Time will tell if the current state of AI is conducive to a bubble. But there encouraging signs for QQQ/QQQM investors. Those include sturdy profitability among some of the most AI-intensive companies.

“There are clear echoes of the late-1990s dot-com bubble—both in investor sentiment and speculative positioning. But while market cycles often rhyme, they rarely repeat in the same way. One key difference: today’s AI rally is underpinned by real earnings growth, unlike the profitless exuberance of the dot-com era,” noted Mark Hackett of Nationwide.

Consider the Cash Flow

One of the marquee differences between QQQ today and its holdings at the height of the internet bubble isn’t just that today’s members firms are highly profitable. They’re also prodigious generators of free cash flow. That’s a trait that could provide a buffer if the AI trade experiences a material correction.

“While profitability comparisons to the dot-com era are common, they often overlook a key metric: free cash flow (FCF) margin,” added Hackett. “Today, the S&P 500 technology sector boasts an FCF margin of approximately [20%. That’s more] than double the levels seen in the late 1990s and early 2000s.
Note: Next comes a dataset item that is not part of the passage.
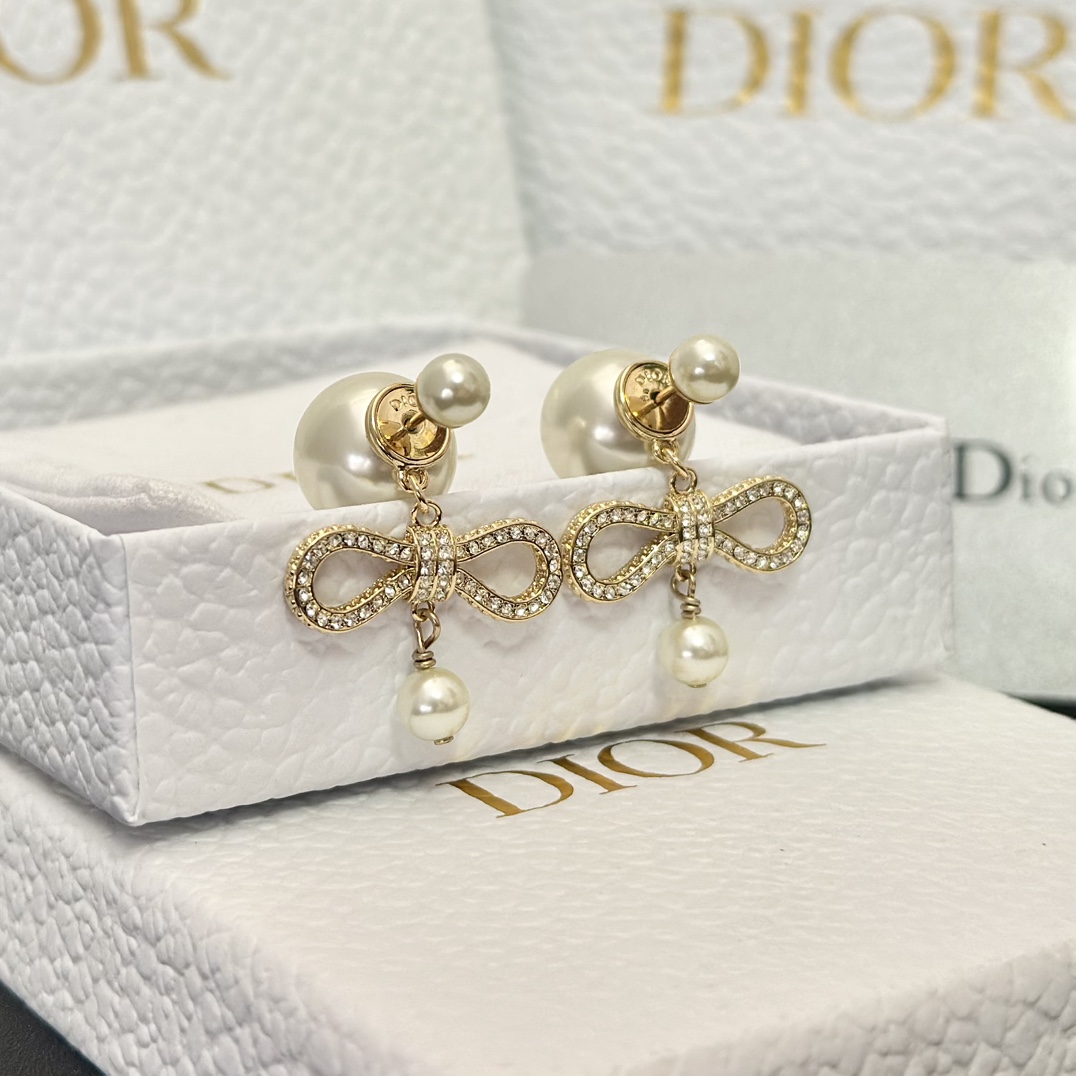replica Dior Bow Pearl Earrings - H Lin Jewelry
Although pockets of froth [remain … the]data suggests that hyperscalers are the true engines of the current rally. These firms are backed by fortress balance sheets, strong margins, and consistent revenue and earnings growth.”

Those FCF-generating capabilities and strong balance sheets are all the more important at a time when some investors are concerned about concentration in widely followed equity indexes. Those include the S&P 500 and the Nasdaq-100 (NDX). The latter is the gauge followed by QQQ and QQQM.

Indeed, concentration risk is an issue. But it’s arguably one investors don’t need to lose sleep over because the concentration is in quality companies.

The Magnificent Seven “have delivered year-over-year earnings growth of 27% in Q1 and 26% in Q2, with Q3 estimates pointing to another 14% gain. That is just 5% growth for the remaining 493 companies in the Index. Unlike many dot-com darlings, these firms are not only profitable—they’re driving the market’s earnings engine,” concluded Hackett.